Here is a newsflash for everybody out there: It is okay to acknowledge when someone does something good. It is even better if you acknowledge something that person does to enhance their attraction.
I have heard countless times this statement: “he did not even notice that I cut my hair.”
It has happened to everybody. Hell, I have been guilty of this too. We forget to give the attention to the objects of our desire often, especially when our desires have begun to fade, or become distracted.
The biggest reasons for fading desires or distractions are:
Money is not only the root of evil, but it is also the root to many fading hearts. It is damn difficult to think about a clean house, new dresses, new shoes, hairdos, etc., if the money does not add up.
A woman could tell the object of her affections, “hey babe, I got my hair done, do you like it?” Her mate will think the following: “your hair looks nice but where the hell did the magic money come from?”
It is a cruel world sometimes and frankly, nobody gives a damn about a new hairdo if the electricity is about to be shut off.
Kids can work a person’s damn nerves. Why are you showing me this commercial that you find interesting while I am helping the kids do their homework? Get your ass up and give me a hand with these kids. While you are at it, do not kiss me right now. I am busy going over math with Roger and you are doing nothing.
Even if you are trying to be accommodating to your mate, the kids are not going away.
3. Somebody else has his or her attention:
This is hard to accept but most relationships are not built to last long. Some of you are doomed right now. At some point, you were the apple of their eye and vice-versa, but things change.
Somebody else has made you/them smile and the person that used to do it for you/them just does not do it for you/them anymore.
It is hard to recognize the eyeliner that you have on if the apple of your eye is checking out the eyeliner of someone else. It is the same if a man cooks a mean dinner, what would make the object of his affection acknowledge it when they are dreaming of having dinner with someone else.
Your meal may be tasty but I would rather have his food instead.
4. Lackluster sex-life
Nothing leads to faster fading desires or the lack of personal acknowledgement than a “blah” sex-life with your mate.
In the beginning, you pulled out all of the hijinks and tricks of the trade in order to lure that person in. You offered the “illusion” of what sex would be like as long as they stick around.

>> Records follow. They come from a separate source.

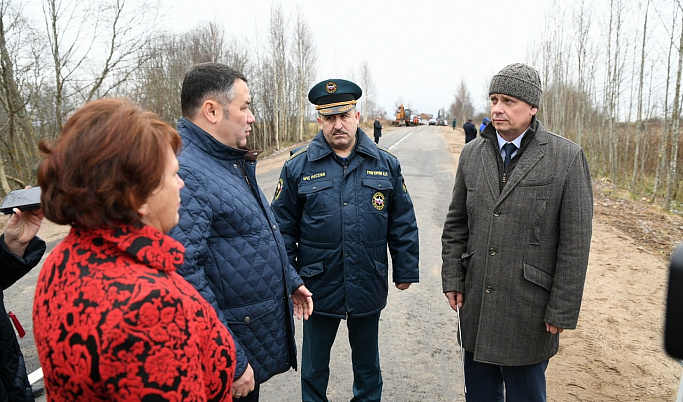 Игорь Руденя взял на контроль восстановление размытого участка дороги в Вышнем Волочке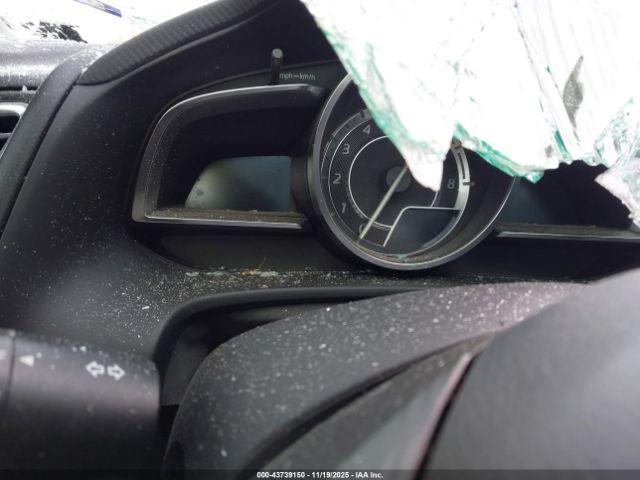 Mazda Mazda3 S Touring Image 5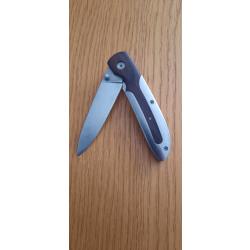 Couteau pliant manche marron et acier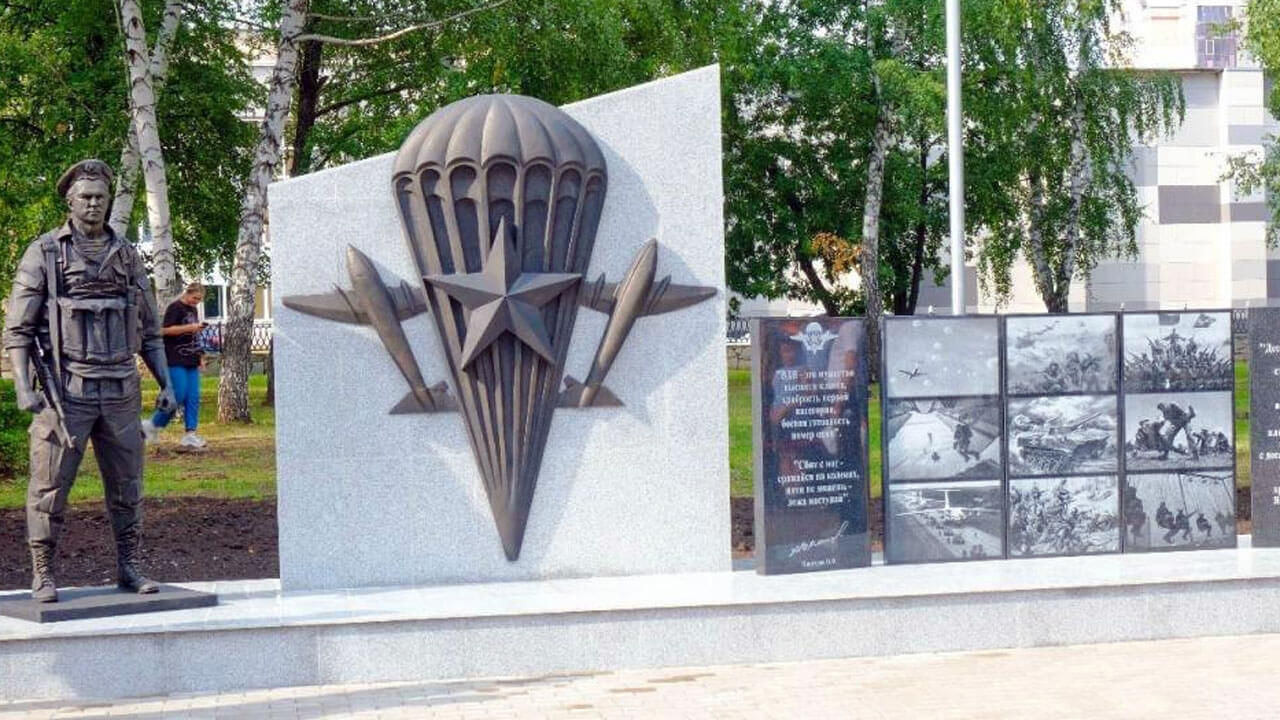 В Башкирии вандалы повредили памятник воинам-десантникам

I call it an “illusion” because once a person takes the bait, the goodies get gone fast. You may still be having sex but it is not the same. Women may not experience the orgasmic moment that I call origami.

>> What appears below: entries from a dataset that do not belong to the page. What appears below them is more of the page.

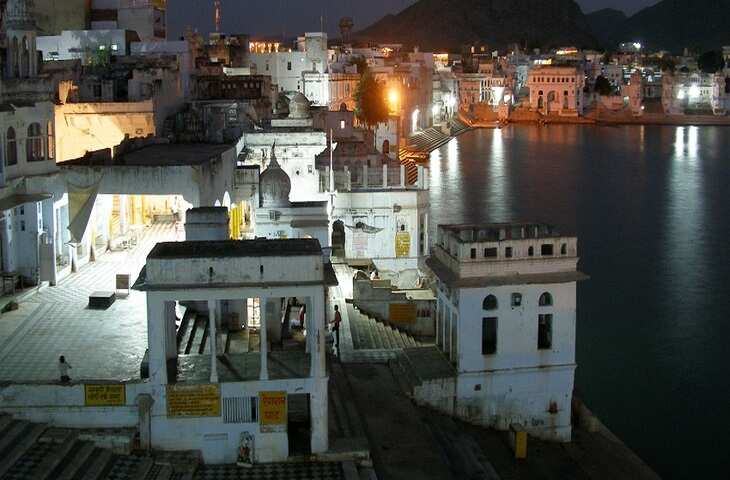 पुष्कर यात्रा के दौरान जरूर करे इन आध्यात्मिक स्थलों का दर्शन, हमेशा के लिए यादगार बन जाएगी यात्रा&nbsp;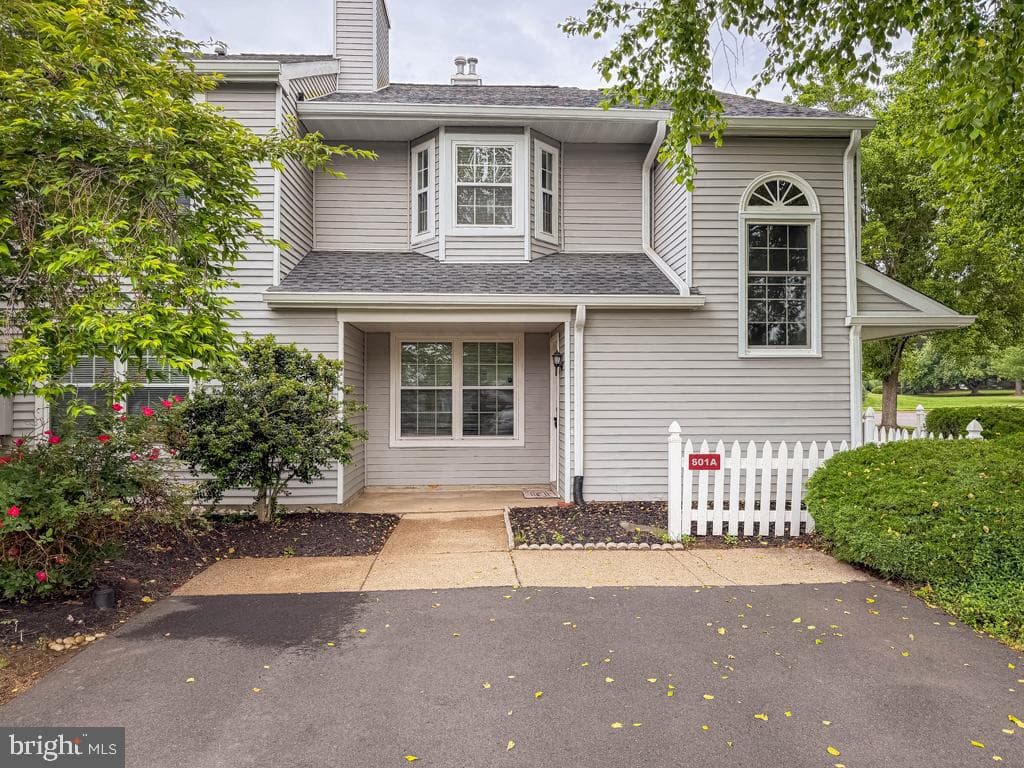 601 Rose Hollow Drive #a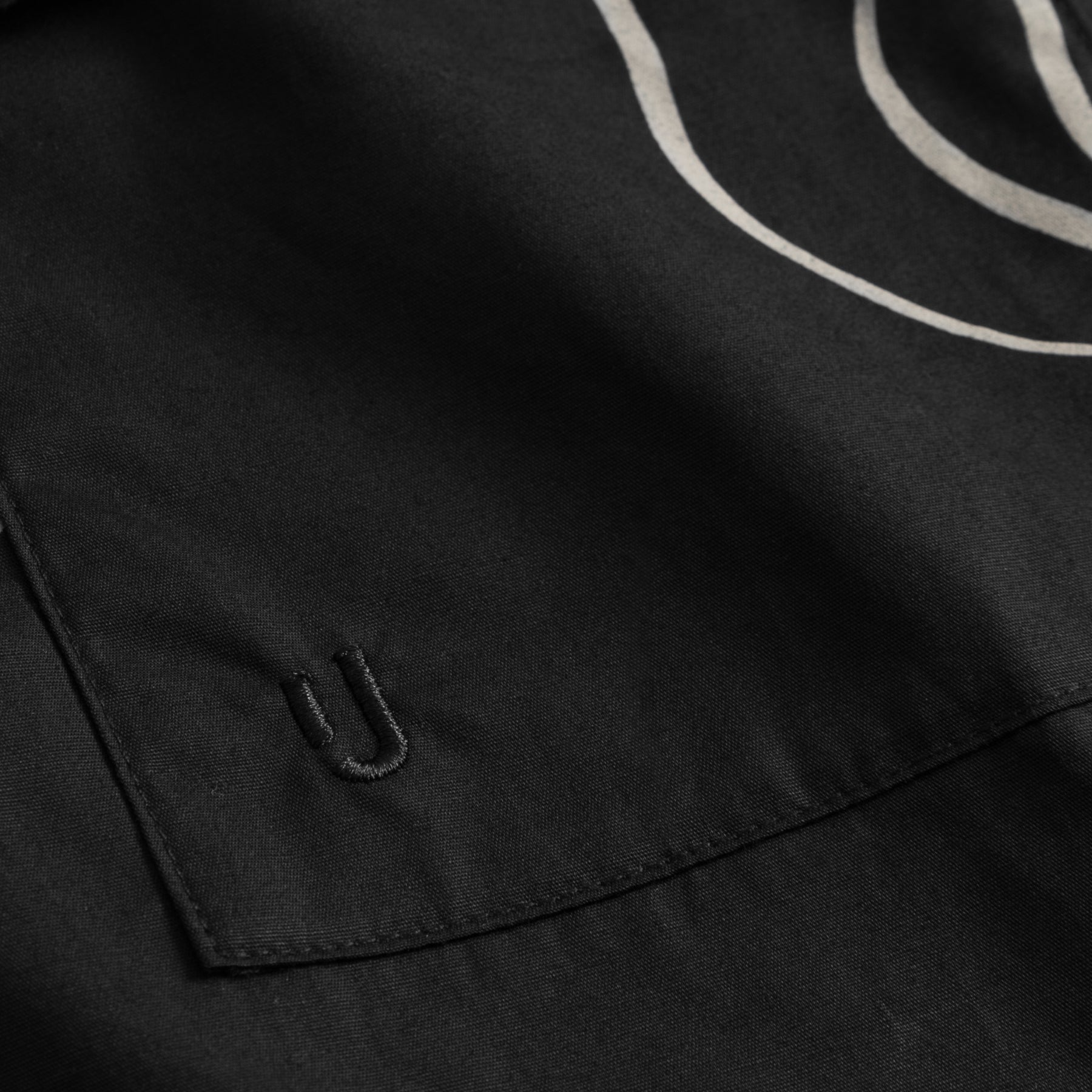Schwarzes Detail des Johnny Urban Shirts aus der Set 'Spencer' mit eingesticktem 'U'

Origami is the art of folding paper into decorative forms but in this case, I define origami as the art of folding stomach muscles and the constant forms that arms and legs make while having sex. When the sex is good, the reaction is natural, but it cannot be forced.
You start telling yourself that this does not feel the same when it is forced.

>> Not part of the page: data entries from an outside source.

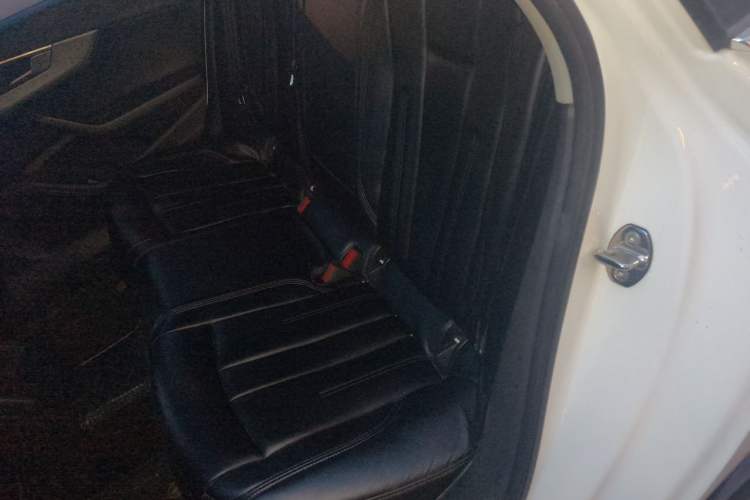 Used Audi A4L 2019 40 TFSI Ambition Version China V Left Rear Seat
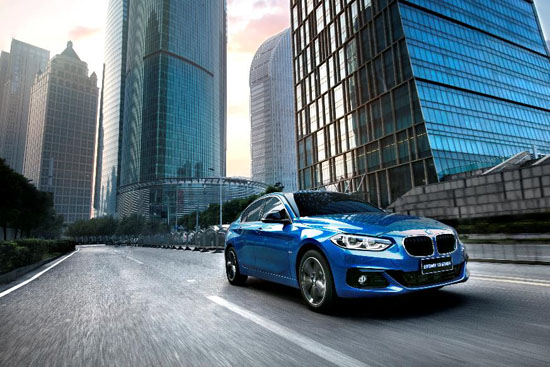年轻时尚不尬聊 全新BMW 118i运动轿车就是玩真的!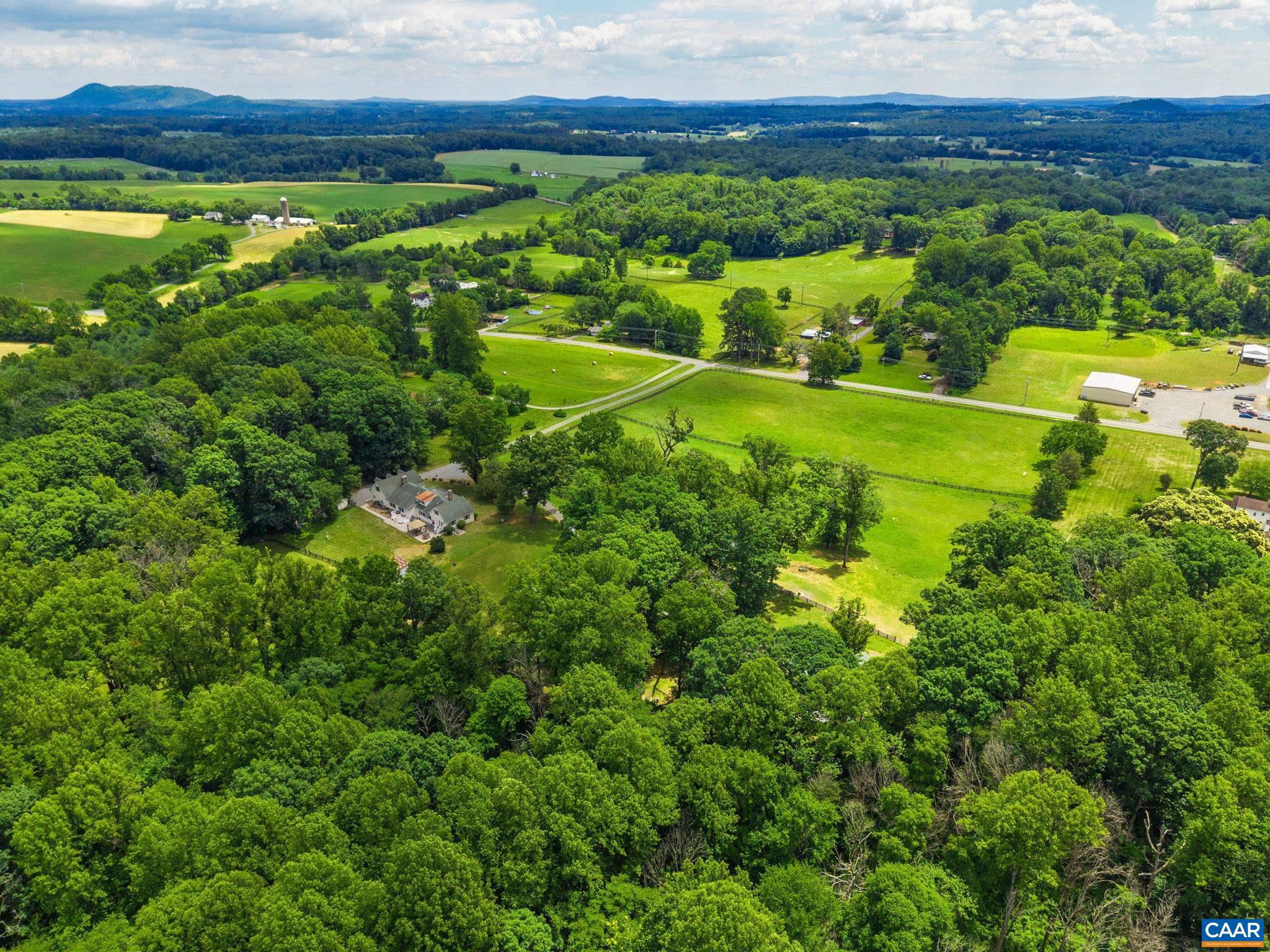 295 Fairground Road Pratts, VA 22731 - Photo 3 of 62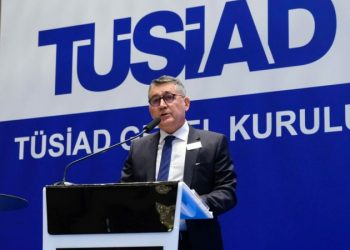 Sabah yazarı Güngör: TÜSİAD'çıların tuzu kuru, onların fakir edebiyatı yapmaları ancak işçilerinin daha fazla zam istemelerini önlemek içindir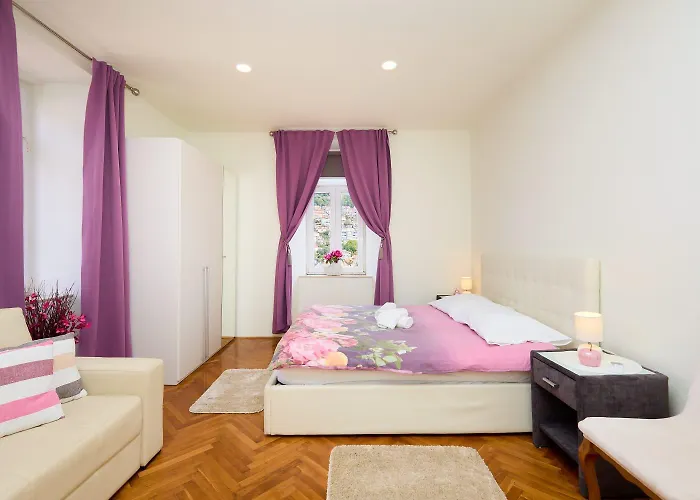 Spacious 3 Bedroom Dubrovnik Apartment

Men do not get the same “special attention” after the bait is taken. Without digging deeper into explicit territory, I will just say that all of you adults know what I am talking about, do not get coy.
When the sex goes south, the attention span drifts. You did not do that thing you usually do last night and I am upset about it so no, I did not realize that you organized to cabinets.
Those are the primary reasons why we fail to acknowledge one another from time to time. It is nothing personal. After all, we are human beings and we are flawed creatures.
In order to reverse the trend, take a moment in your day to recognize the good deeds of the objects of your affections. This may only take but a few minutes of your time. It can be done simply by just asking them “how was their day?” Then turn around and ask them “how do you like my new makeup?” “I purchased these jeans today after I paid the internet bill, what do you think?”
Those types of questions will bring attention to both of you and nobody will be left out. You will receive your acknowledgement by taking charge in a civil manner.
This also works with the kids but in reverse.
“How was your day?” “After the kids got home, we worked on their homework together and now I will take a break to spend some time with you, what are you watching by the way?”
This works because you offer them your attention while placing the attention on what you have done yourself.
If you fall in the other two categories, the problems are usually unfixable with the exception of these two words: Get out!